The second rival account of the crisis accepts that its origins lie less in regulatory failings than in economic pressures. But it blames the bubble on two mistakes at home rather than on the glut of capital from China. Americans should have controlled the urge to splurge, the thinking goes, and borrowed less Chinese money. And the Fed should have shut down the easy-money party by raising interest rates.

If Americans' insatiable appetite for loans explained the flood of Chinese capital into the United States, we would have seen the evidence in a rising price for those loans -- that is, higher interest rates in the bond market. But bond rates were strikingly low at mid-decade. This strongly suggests that it was the supply of lending that went up, not the demand for it. Chinese money flooded into the United States because of the push factor from China, not the pull factor from Americans.
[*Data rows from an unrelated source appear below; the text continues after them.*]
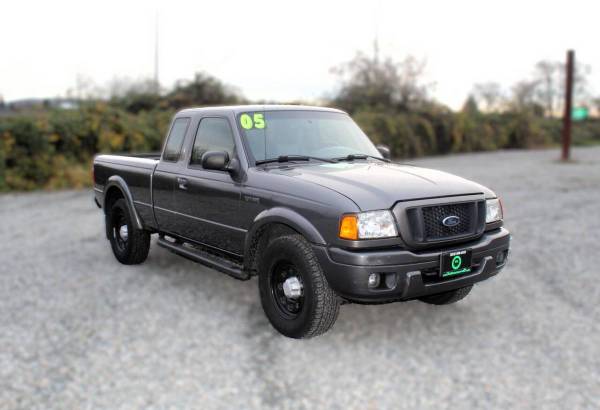 2005 Ford Ranger XL 2dr SuperCab 4WD SB 1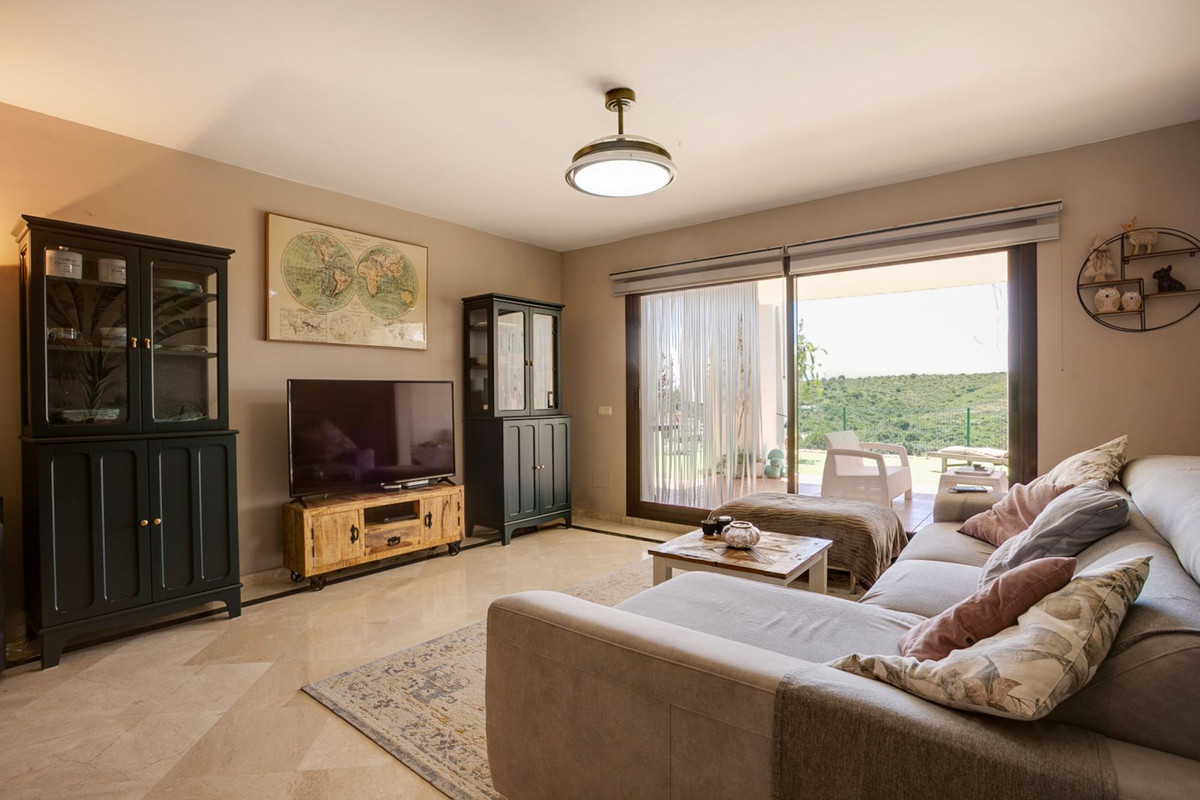 2 Bedroom Apartment in Casares - Photo 4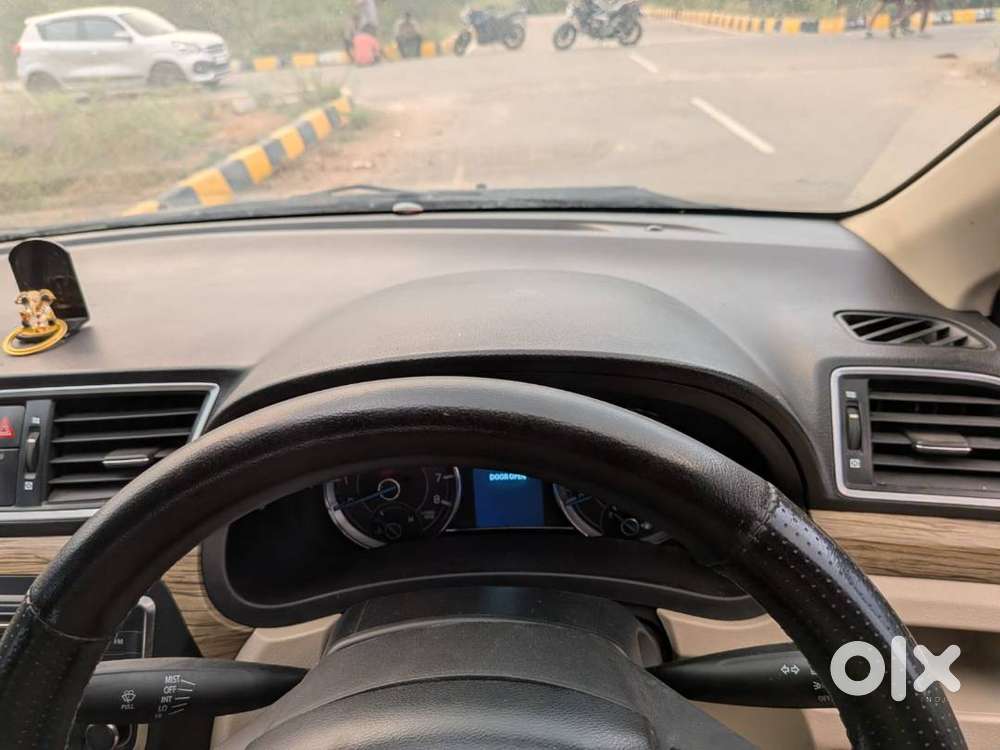 Premium Maruti Suzuki Ciaz Delta Petrol (smart Hybrid) - High Mileage,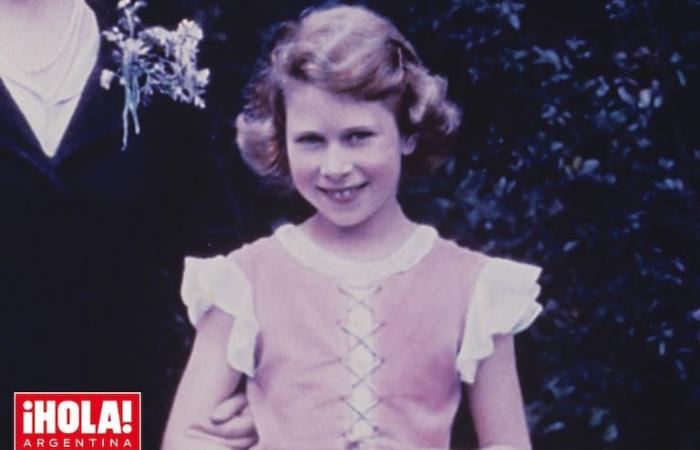 Königin Isabel II. Ihre Kindheitskleider und die ihrer Schwester, Prinzessin Margaret, werden versteigert
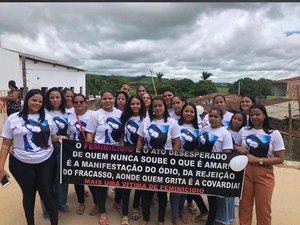 Sepultamento de jovem morta pelo namorado em Porto Calvo tem mensagem contra feminicídio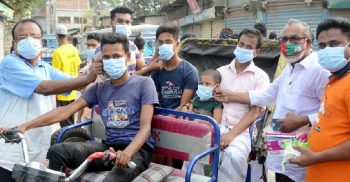 করোনা ভাইরাসের সংক্রমন বেড়ে যাওয়ায় জালকুড়িতে মাস্ক ও সাবান বিতরন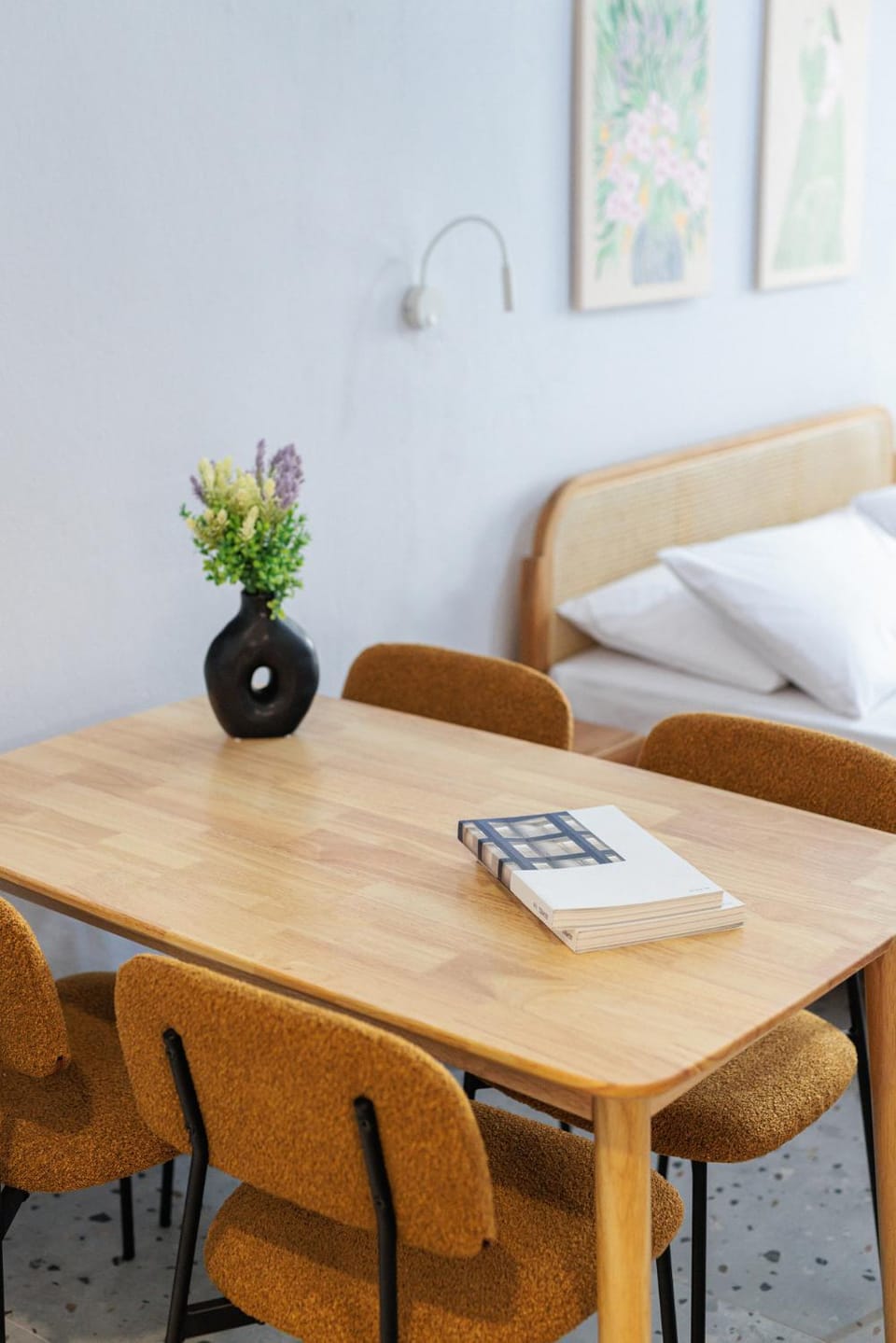 Photo of the whole room, Dining area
Could the Fed have raised interest rates to avert the bubble? The Fed's monetary policy was indeed too loose. But as Martin Wolf argues in his recent book, "Fixing Global Finance," it's not clear that higher interest rates could have prevented the trouble. Once China decides to export vast quantities of capital, that capital has to go somewhere. Higher interest rates in the United States might have encouraged the world's savers to park even more of their capital in this country.

So there is no getting around China's culpability. The country relies on the sort of export-focused growth strategy that other Asian Tigers have pursued, with the difference that China is too big to go this route without destabilizing the world economy.
Still, as Mallaby admits, the U.S. is unlikely to mount the kind of concerted push that led Japan to revaluate the yen in the 80s. For one thing, there's the DeLong argument that earning the enmity of almighty China would prevent us from being their favorite lackey friend in the long run. And even if we were willing to anger the dragon, it's not clear that the U.S. now has the kind of power and influence to achieve any significant results.

So China will keep its currency low, hoping tha the U.S. will go even further into debt, and that that debt will continue to prop up Chinese manufacturing. It won't work. I guess our best hope is that Geithner will manage to point this fact out to the Chinese.